If people were made of paper, this just might work

By Scott Harrison




Trust (Part 3)

After many months and many letters from Khadija where she said she needed me and loved me, in a fit of recklessness I decided to go ahead and agree to marry her. I had heavy doubts but I figured, why not? What could go wrong? If she wanted to marry me (as she kept telling me), I should consider myself lucky to be chosen.

This was six months after we first met.

Several more months passed and in September I made a second trip to Morocco to see if Khadija was sincere and to arrange the details of our marriage. I had not seen her in person or talked with her in eleven months. I had only known her through letters, pictures, and the New Year's tape she mailed to me. I had no idea that many of these letters were cooked up by her father and his friends.

When I got to Fez and saw her, she seemed as radiant and wonderful as I remembered her. But I noticed almost immediately that she did not have the feelings for me that she had told me of so often in her letters.

One night as I left her house, I said goodnight to her in the dark downstairs doorway. We were alone. I leaned over to give her a kiss goodnight, a first kiss (although she had sent "kisses" in many of her letters). This kiss betrayed her. It was a cool, brief, "for appearances" kiss. There was no sweetness or affection. It was a plastic kiss, as brief as it could be without being rude.

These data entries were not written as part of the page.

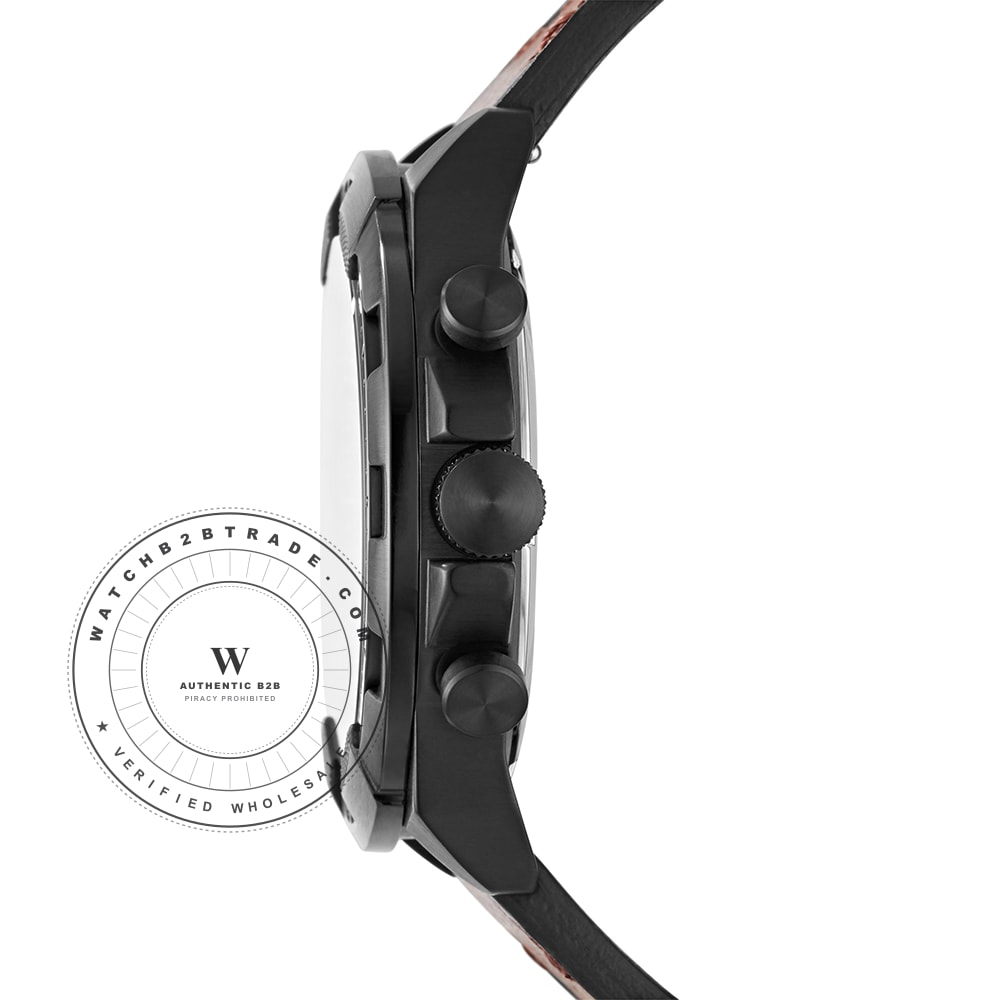 Fossil FS5856 Bronson Watch FS5856 - Angle 3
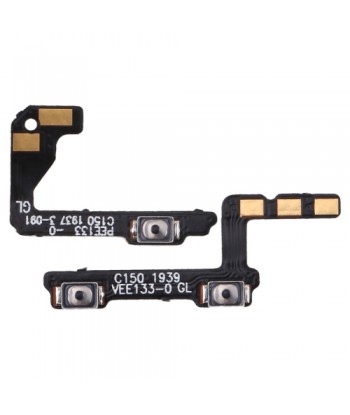 FLEX VOLUMEN Y ENCENDIDO...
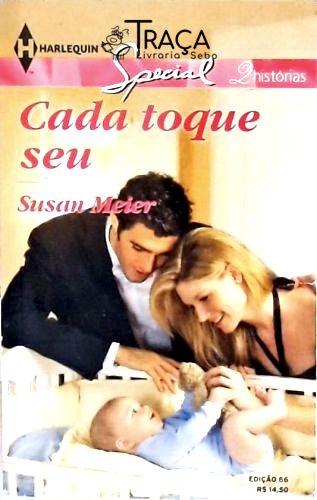 Cada Toque Seu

Meanwhile Khadija' s father was very pleased with himself. One afternoon he took me on a long walk and showed me off to some men friends. He kept saying to me, "Scott, my house is your house!" Later he kept saying, "Scott is superman!" This was nearly the only English he knew.

Also, one afternoon while sitting in their living room I observed how letters were written. Khadija' s father told his daughter Fatimazahara to write to Victoria because they were close in age. Then Abdul himself dictated the whole letter to a neighbor who knew English while Fatimazhara sat bored and silent. She signed it.

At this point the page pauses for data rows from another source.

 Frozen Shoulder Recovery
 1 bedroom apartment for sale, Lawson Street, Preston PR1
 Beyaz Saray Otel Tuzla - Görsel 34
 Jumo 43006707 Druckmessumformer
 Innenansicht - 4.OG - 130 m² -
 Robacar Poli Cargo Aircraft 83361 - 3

I didn't know what to do. I would not participate in a marriage if it wasn't what Khadija herself wanted. I had said this over and over again in my letters to her. I decided it would be a mistake to get married, yet I didn't have the heart to back down from my word. Khadija kept telling me she wanted it. So the day before I was to leave, I decided to make the most of it and go through with the marriage. I gave Khadija enough cash to make all the arrangements and fly to San Francisco when her visa came thru. The money I gave her was two times what she earned for an entire year at her full-time copy store/telephone boutique job. She earned twenty-seven cents an hour. She had a big surprised smile and her father practically danced around the house saying, "Scott is good man! Scott ... SUPERMAN!! Scott ... is Superman."

In Spain on my way back to San Francisco, I changed my mind. I decided for the last time against the marriage. It just wasn't right. I completed the painful task of writing to Khadija and telling her that I did not believe the marriage was based on love. I feared it was based on money and on pressure from her family. It was not her free choice. I had seen the mistake of it in her mother's expression. I couldn't go through with it. I said I was sorry for any expectations I may have disappointed and I told her she could keep the money and the diamond engagement ring. I would not marry her.

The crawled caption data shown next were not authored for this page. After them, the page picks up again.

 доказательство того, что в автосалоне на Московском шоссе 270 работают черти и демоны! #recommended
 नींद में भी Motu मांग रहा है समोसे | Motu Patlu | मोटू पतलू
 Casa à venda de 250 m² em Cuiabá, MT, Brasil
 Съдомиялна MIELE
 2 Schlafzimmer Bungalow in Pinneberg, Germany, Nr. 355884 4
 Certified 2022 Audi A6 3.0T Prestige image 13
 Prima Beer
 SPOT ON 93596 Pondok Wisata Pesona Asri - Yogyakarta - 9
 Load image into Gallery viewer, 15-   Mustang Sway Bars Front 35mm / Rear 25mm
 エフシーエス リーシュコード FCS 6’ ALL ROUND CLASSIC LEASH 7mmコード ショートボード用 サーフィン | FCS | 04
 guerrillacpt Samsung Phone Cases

It seemed rather cowardly to break off an engagement by letter, but to make it stick I said my decision was final and nothing she could say in any letter would make me change my mind.

Some time later in San Francisco I did get a letter from Khadija. An answer. She said she would send back the money and the engagement ring. She said those were never what she was after. Those were gifts of mine and never something she had asked for. She said I had hurt her in a big way and this bad letter of mine seemed like something from a whole different person, not the Scott that she knew and loved. She asked what had she done to me to deserve this?

I pictured her crying and telling all her friends and her family that I had dropped her. Telling them what a dirty dog I was and how my word to her was worth nothing. I had been a hero to her and her family and now, here I was, a muddy dog running away. There was no way for her to even come to me and ask me face to face, eye to eye, why I was backing out, why I was abandoning her. Her letter had a strong impact on me. I never wanted to hurt her or let her down. I was moved by the fact she said she would send my ring and my money back. I was moved by this promise when she was so destitute and after I told her she could keep them.

A friend of mine, Anna from Poland, advised me: "Scott, saying she will send your money back and actually doing it are two different things."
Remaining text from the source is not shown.